(Stored data)

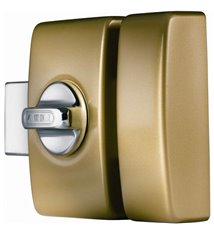 Verrou de porte à bouton V83 Abus cylindre 40mm diamètre 23mm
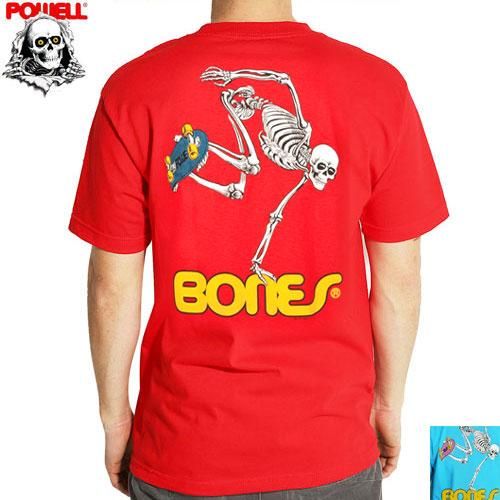パウエル POWELL スケボー Tシャツ TUCKING SKELETON TEE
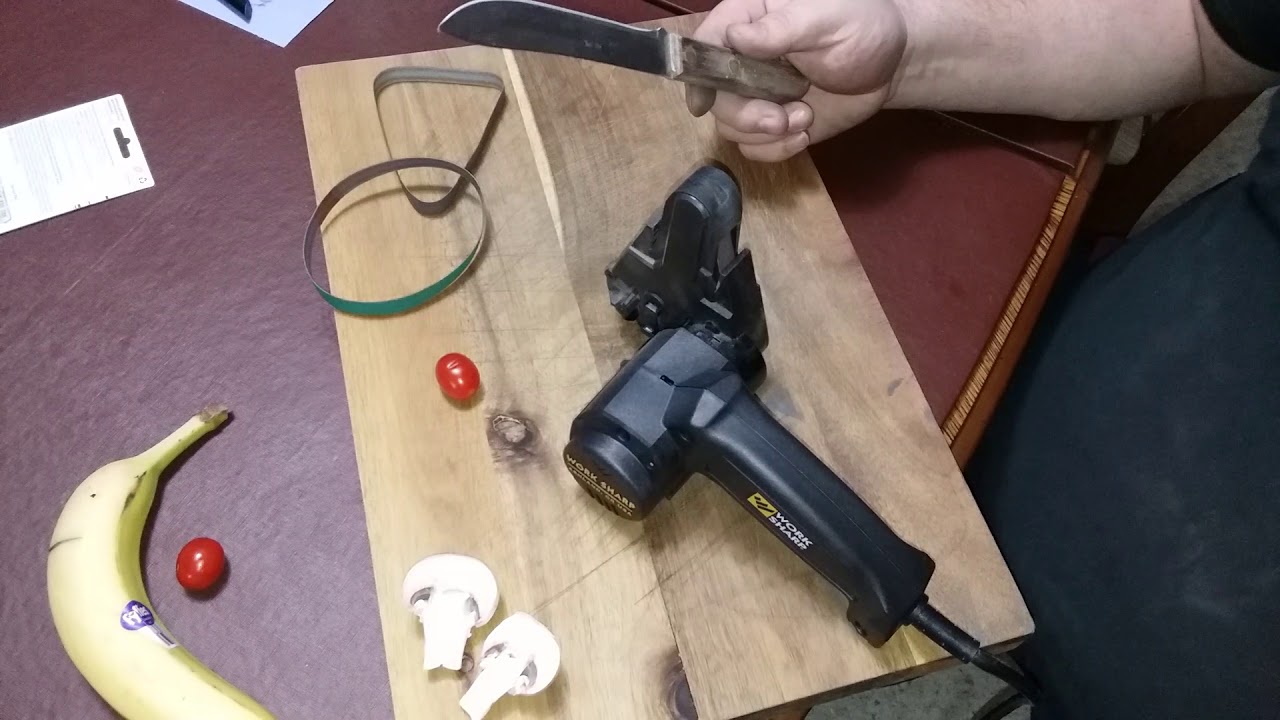 Knife sharpen with work sharp tool - YouTube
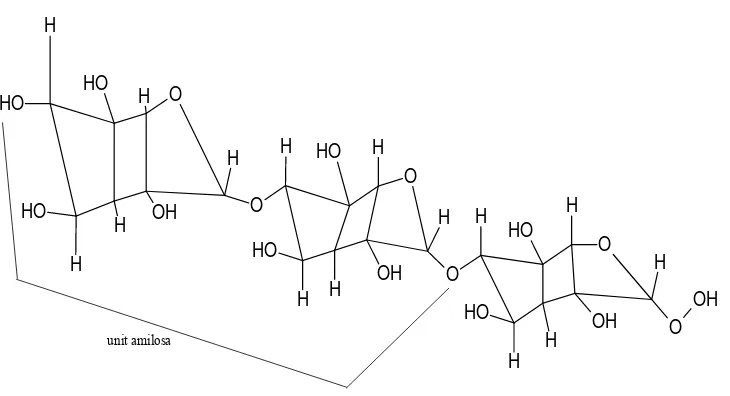 Gambar 4. Struktur Amilosa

(End Stored data)

Print every line of the material above exactly as it reads, skipping the pictures.

### Your response
 Verrou de porte à bouton V83 Abus cylindre 40mm diamètre 23mm
パウエル POWELL スケボー Tシャツ TUCKING SKELETON TEE
 Knife sharpen with work sharp tool - YouTube
 Gambar 4. Struktur Amilosa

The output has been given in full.